In the time Mayer has been around, Dave Matthews has gotten less traction in a genre that he personally carved out and made viable, including its singing style. Mayer doesnt just sound like Matthews, he makes ZERO effort to change his phrasing away from Matthews, who found something that worked.
In a comparable vein, I still hate Tori Amos for ripping off Kate Bush and basically inhaling Bush’s entire career, and then spitting out a bunch of pseudo-feminist, pseudo-chill claptrap garbage that had none of the goth or underground sense of Kate Bush nor any of her cool, or, ultimately, her quality. In retrospect, I can listen to Kate Bush, and ignore Tori Amos, but at the time, Amos got huge press and reward while Kate Bush got shoved back down.
Bush was a bit older, and Amos was read-haired and cute. I was not the only one who noticed this happening. I know many Kate Bush fans who were incensed.
Matthews got a lot of full media traction which he earned, and Mayer is legitimately a good singer, writer, and better than usual guitar player, but he still sounds just like Matthews, who has never been at the top of my list anyway, because that style has gone fomr being original in the 90s to an easy-listening cop-out pap for a lame young generation and a doddering lamed-out genX.
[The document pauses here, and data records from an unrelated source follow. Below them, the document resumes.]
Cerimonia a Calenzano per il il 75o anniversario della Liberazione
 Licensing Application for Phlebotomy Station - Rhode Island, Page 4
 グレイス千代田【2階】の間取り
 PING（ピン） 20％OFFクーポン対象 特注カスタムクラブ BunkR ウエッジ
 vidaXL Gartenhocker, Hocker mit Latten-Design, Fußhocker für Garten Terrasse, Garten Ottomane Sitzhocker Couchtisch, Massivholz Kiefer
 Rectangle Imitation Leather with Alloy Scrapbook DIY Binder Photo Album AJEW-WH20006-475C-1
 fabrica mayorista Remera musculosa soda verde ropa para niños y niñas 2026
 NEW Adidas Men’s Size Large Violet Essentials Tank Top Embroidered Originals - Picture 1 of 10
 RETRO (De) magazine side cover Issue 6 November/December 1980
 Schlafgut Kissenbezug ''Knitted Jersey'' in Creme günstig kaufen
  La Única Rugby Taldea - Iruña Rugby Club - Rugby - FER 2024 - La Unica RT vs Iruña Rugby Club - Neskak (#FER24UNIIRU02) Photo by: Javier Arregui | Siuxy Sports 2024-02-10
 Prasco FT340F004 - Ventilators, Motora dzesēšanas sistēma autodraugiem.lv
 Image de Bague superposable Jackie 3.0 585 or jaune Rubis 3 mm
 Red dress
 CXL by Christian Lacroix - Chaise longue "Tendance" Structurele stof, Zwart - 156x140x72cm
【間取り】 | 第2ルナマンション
If you cant play music at least as hard or original as say the Cure or the Furs, and hopefully you have the balls to go for Zep, Van Halen, Killing Joke, etc early in your career, then what the hell are you doing? Selling music at Starbucks? Blow me. We already had a competent pop-proto-jazz musician, who often played with a smoking hand-working band, and that man was Dave Matthews, not Mayer. As far as his sex life goes, the man roams like a rooster, but plays like a weanie. To me, that makes him a calculator, and music is about talent, inspiration, and blue-collar realness, not another media calculator.
Sorry, I still hate John Mayer. He is better than craprap, and the miscued 80s retread music rife throughout this untalented generation, but he still sucks compared to 500 bands of the past, and quite a few bands of today that are trying to be original or at least, young and ballsy.